A general method for solving the hyperbolic equation $Ax^2 + Bxy + Cy^2 + F = 0$ is given by Dario Alejandro Alpern.

• $2x^2+x+1=k^2$ becomes $4x^2+2x+2=2k^2$, i.e. $(2x+1/2)^2+1.75=2k^2$, i.e. $(4x+1)^2+7=8k^2$. Generally, multiply both sides of $ax^2+bx+c=k^2$ by something to make $a$ a square, then complete the square, multiply both sides by something to make everything integers. – user236182 Oct 25 '15 at 0:10
• If $a$ is a square, you might be able to prove $(\sqrt{a}x+k)^2<ax^2+bx+c<(\sqrt{a}x+k+1)^2$ for some $k\in\Bbb Z$, which proves no solutions exist. – user236182 Oct 25 '15 at 0:12
• @user236182 This is useful, but what to do with the $7$ left over? I know there are special cases for $\pm 2, \pm 4$. – qwr Oct 25 '15 at 0:36
• You can solve $x^2-dy^2=k$ with $d$ square-free for any integer $k\neq 0$. If a solution exists, then exist infinitely many solutions. Let $(x_k,y_k)$ be the minimal solution of $x^2-dy^2=k$ and let $(x_1,y_1)$ be the minimal solution of $x^2-dy^2=1$. Note $\left(a^2-db^2\right)\left(e^2-df^2\right)=(ae+dbf)^2-d(be+af)^2$. Define $(a,b)\otimes (e,f)=(ae+dbf,be+af)$. Then all positive integer solutions are given by $(x_k,y_k)\otimes (x_1,y_1)^n$ with $n\ge 0$. – user236182 Oct 25 '15 at 0:54
• @user236182 Your comments have essentially answered the question. I've asked this last question, but do you mind posting the comments together as an answer so I can accept it? – qwr Oct 25 '15 at 2:04

The comments you have been given are almost correct. Once you get to $$x^2 - d y^2 = k,$$ you do need to find the minimal solution to $U^2 - d V^2 = 1,$ that is with both $U,V > 0.$ The generator of the (oriented) automorphism group of $x^2 - d y^2$ is then $$A = \left( \begin{array}{cc} U & dV \\ V & U \end{array} \right).$$ Notice that this has determinant $1,$ with trace $2U.$ The Cayley-Hamilton theorem says, quite correctly, $A^2 - 2 U A + I = 0,$ so $A^2 = 2 U A - I.$

We need to know only one orientation reversing automorphism, which is just $$(x,y) \mapsto (x,-y)$$

Now, all the solutions for some $k$ are produced by using $A.$ The detail that gets glossed over is that we may require more than one or two "seed" solutions.

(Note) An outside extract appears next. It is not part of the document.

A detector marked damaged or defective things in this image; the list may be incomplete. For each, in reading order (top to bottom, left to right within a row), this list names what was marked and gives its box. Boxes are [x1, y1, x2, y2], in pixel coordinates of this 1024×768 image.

Let us display all solutions to $x^2 - 2 y^2 = 119 = 7 \cdot 17.$ For any solution $(x,y),$ we really do get a sequence of new solutions by taking $$(x,y) \mapsto (3x+4y,2x+3y),$$ which comes from $U = 3, V = 2,$ so this time $$A = \left( \begin{array}{cc} 3 & 4 \\ 2 & 3 \end{array} \right).$$

This is indicated in the comments.

The trick is that we need four seed solutions.

In all four of the following sequences of solutions, we get, from Cayley-Hamilton applied to $A,$ giving $A^2 = 6 A - I,$ we get $$x_{n+2} = 6 x_{n+1} - x_n,$$ $$y_{n+2} = 6 y_{n+1} - y_n.$$ If we intertwine the four sequences things do not look that simple.

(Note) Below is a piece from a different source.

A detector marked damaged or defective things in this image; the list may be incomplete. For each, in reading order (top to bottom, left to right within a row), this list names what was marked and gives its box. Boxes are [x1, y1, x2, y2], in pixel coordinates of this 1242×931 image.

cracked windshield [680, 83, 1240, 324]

$$................................$$ $$(11,1)$$ $$(37,25)$$ $$(211,149)$$ $$(1229,869)$$ $$................................$$ $$(11,-1)$$ $$(29,19)$$ $$(163,115)$$ $$(949,671)$$ $$(5531,3911)$$ $$................................$$ $$(13,5)$$ $$(59,41)$$ $$(341,241)$$ $$(1987,1405)$$ $$................................$$ $$(13,-5)$$ $$(19,11)$$ $$(101,71)$$ $$(587,415)$$ $$(3421,2419)$$ $$................................$$

Afterthought: when $k=1$ the only seed required is $(1,0).$ When $k=-1$ or $k=p$ or $k = -p$ only two seeds are required, some $(B,C)$ and $(B,-C).$ It is when $k$ (well, squarefree) is the product of primes that are represented by $x^2 - d y^2$ that we require more than two seed solutions. Note that both $x^2 - 2 y^2 = 7$ and $x^2 - 2 y^2 = 17$ have solutions.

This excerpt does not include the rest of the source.